He joins Michael Fassbender, Noomi Rapace, and Guy Pearce — who are reprising their roles from “Prometheus” — along with newcomers Katherine Waterston, Demian Bichir, Billy Crudup, and Danny McBride. 20th Century Fox had no comment.
Scott is directing from a script by Jack Paglen, Michael Green, and John Logan. The film follows the colony ship Covenant as it heads toward a remote planet on the far side of the galaxy. Crew members discover what they believe to be an uncharted paradise, which turns out to be a dark, menacing world in which the only inhabitant is the synthetic David (Fassbender), a survivor of the doomed Prometheus expedition.
The film is the sixth in Scott’s “Alien” franchise and arrives in theaters on May 19, 2017. Fox originally planned to release the movie in August, but decided several months ago to move it forward three months.

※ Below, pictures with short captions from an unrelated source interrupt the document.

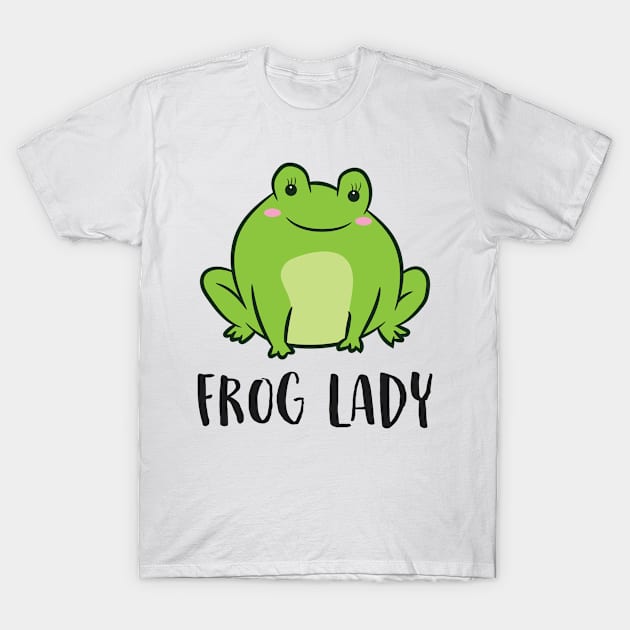 Female Frog Lady Cute Frog Girl Love Frogs T-Shirt by EQDesigns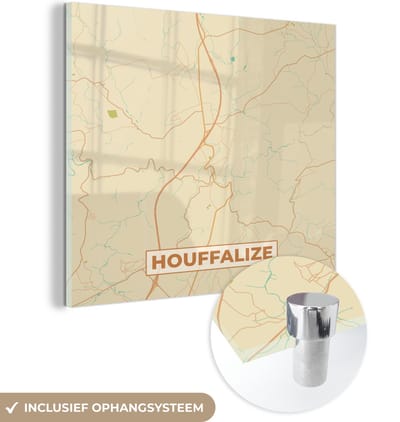 MuchoWow® Glasschilderij 90x90 cm - Schilderij acrylglas - Houffalize - Plattegrond- Vintage - Stadskaart - Kaart - Foto op glas - Schilderijen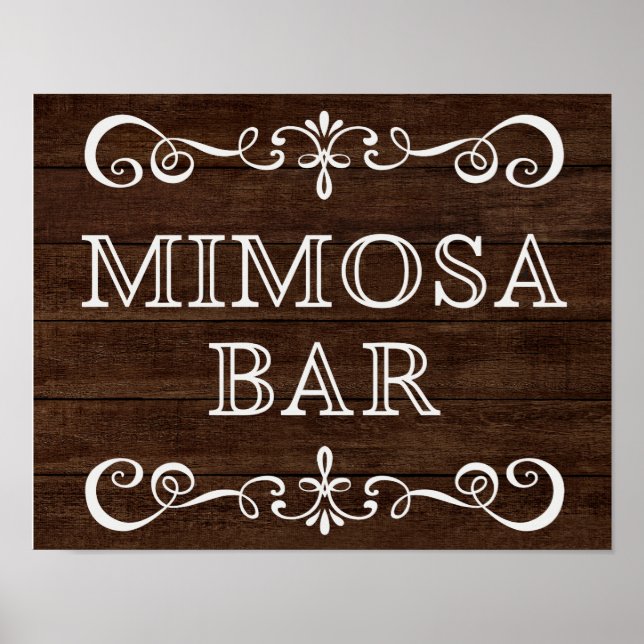 Wedding Sign – Mimosa Bar Rustic Wedding Sign (Front)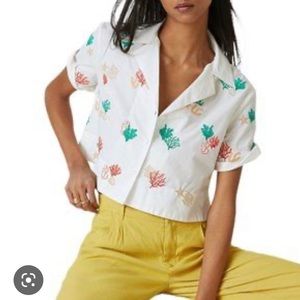 Anthropologie Cropped Button Down SzM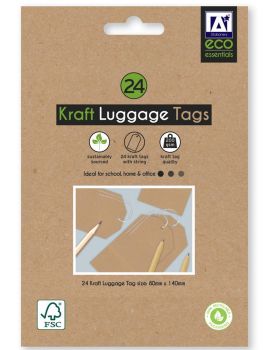 Eco Essentials Recycled Brown Kraft Luggage Tags With String 24 Pack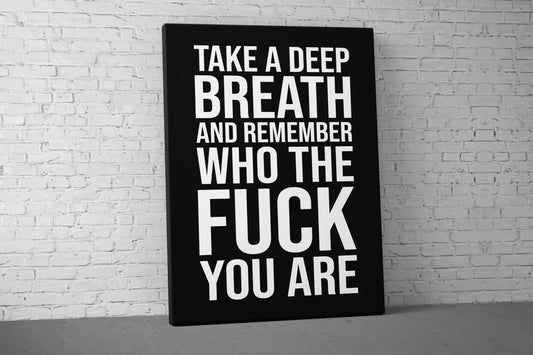 Take A Deep Breath Canvas - Home Gym Decor - Large Motivational Quote Wall Art - Weightlifting Fitness - Sports Inspiration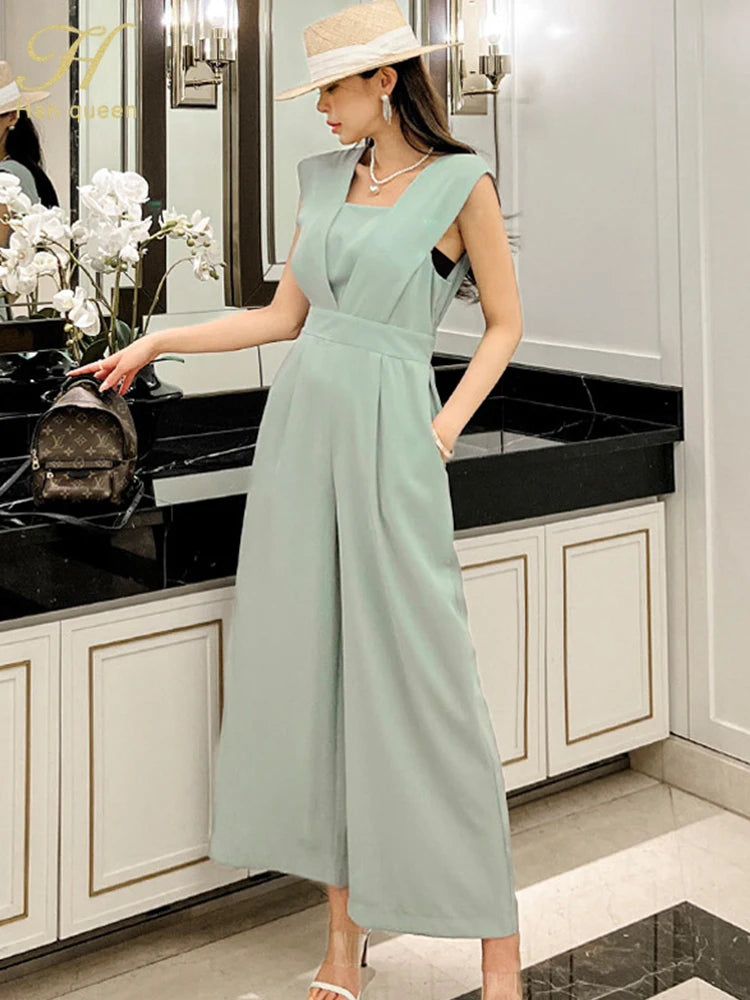 H Han Queen Summer Elegant Business Jumpsuits Women Simple Wide Leg Long Playsuits Korean Sleeveless Casual Rompers Office Lady.
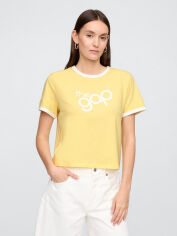 Акція на Футболка бавовняна коротка жіноча GAP 244666780 2XL Жовта від Rozetka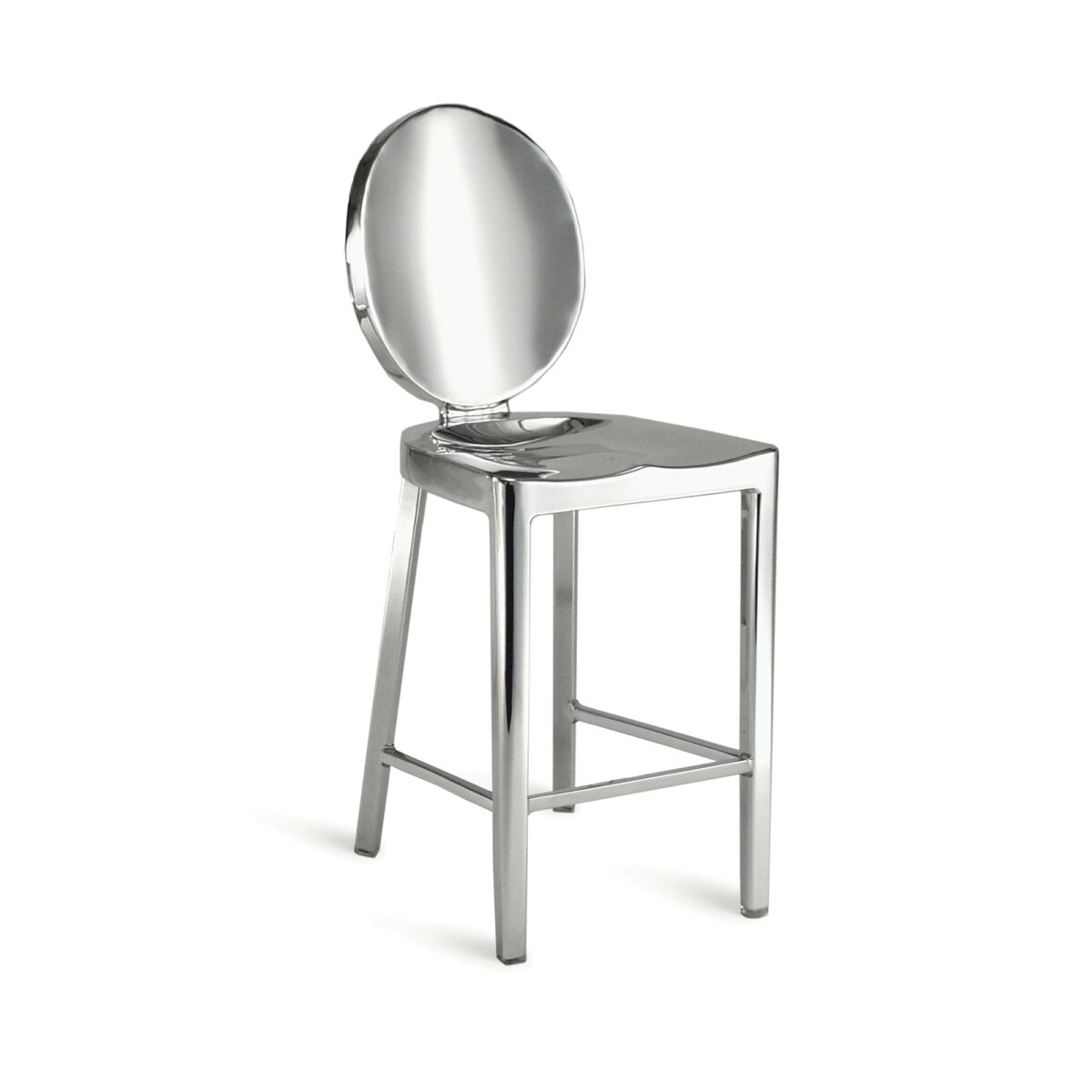Side View of Kong Stool by Philippe Starck – Reflective polished aluminum with clean, straight legs and circular backrest for a minimalist aesthetic.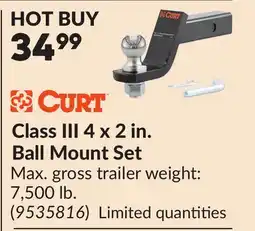 Princess Auto CURT Class III 4 x 2 in. Ball Mount Set offer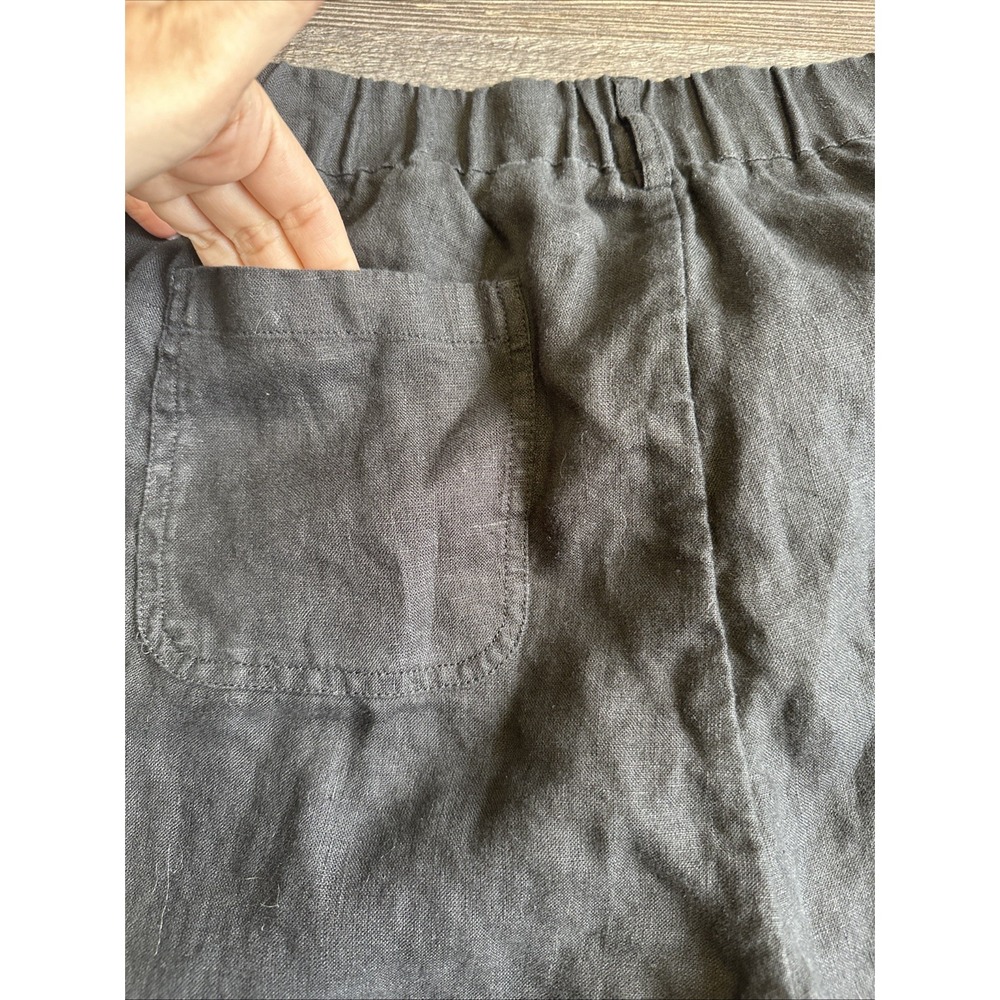 Quince 100% European Linen Wide Leg Pants Womens Medium Solid Black - Picture 11 of 14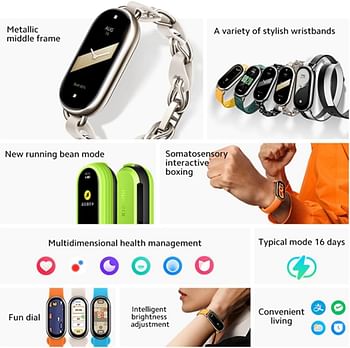 Xiaomi Smart Band 8 Graphite Black, Adaptive Display Brightness And High Refresh Rate, Ultra Long Battery Life, Quick Charge, 200+ Colorful Watch Faces, All-day Health Monitoring w/FREE STRAP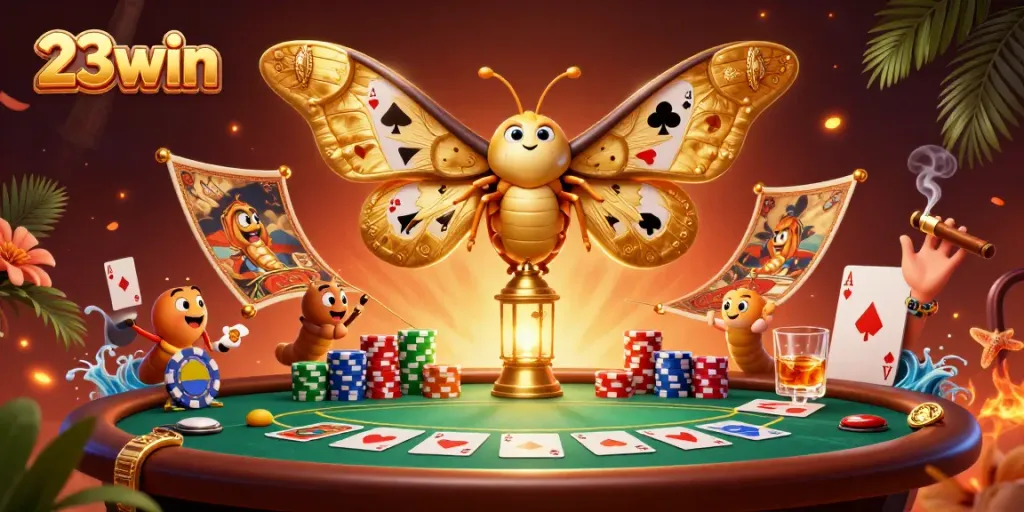 Score big with 23win at this vibrant casino scene featuring a stunning moth and poker elements.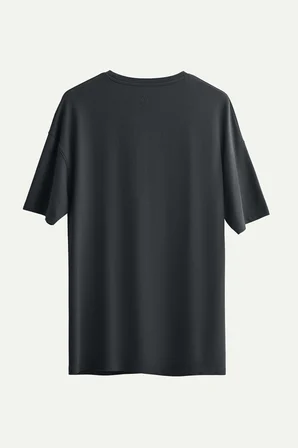 Lacivert Erkek Oversize / Relax Basic Tişört - %100 Pamuk | (Relax - Plum)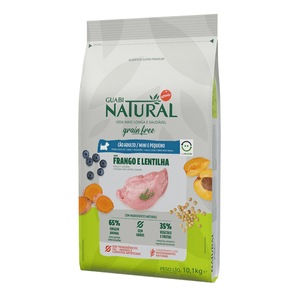 Ração Seca Guabi Natural Gf Cães Adultos  Porte Mini E Pequeno Frango E Lentilha - 10,1Kg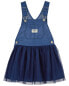 Фото #7 товара Toddler Tulle and Denim Jumper Dress 5T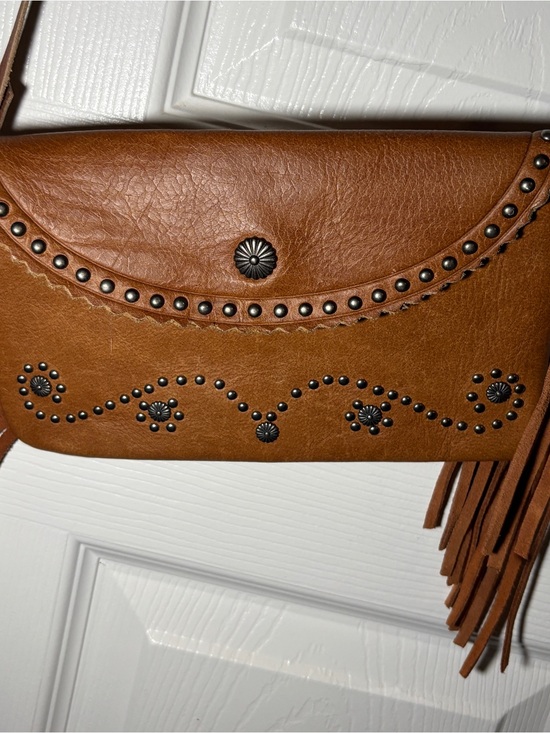Montana West Handbags - Montana West Fringed Studded Envelope Wristlet Clutch in Brown (genuine leather)
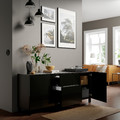 BESTÅ Storage combination with drawers, black-brown/Selsviken/Stubbarp high-gloss/black, 180x42x74 cm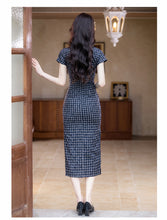 Load image into Gallery viewer, New Chinese-style cheongsam dress with dark blue checks【YG2645】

“Prometheus” was set in the late 21st Century and about 30 years before the events in Scott’s 1979 movie “Alien.” “Prometheus,” which generated $403.3 million at the worldwide box office, followed scientists aboard the spaceship Prometheus who discovered the remains of an advanced civilization developing weapons that could wipe out the human race.
The original “Alien,” starring Sigourney Weaver, was followed by three sequels in 1986, 1992, and 1997.
Franco is currently starring in Fox’s “Why Him?” opposite Bryan Cranston. The comedy opens this Friday.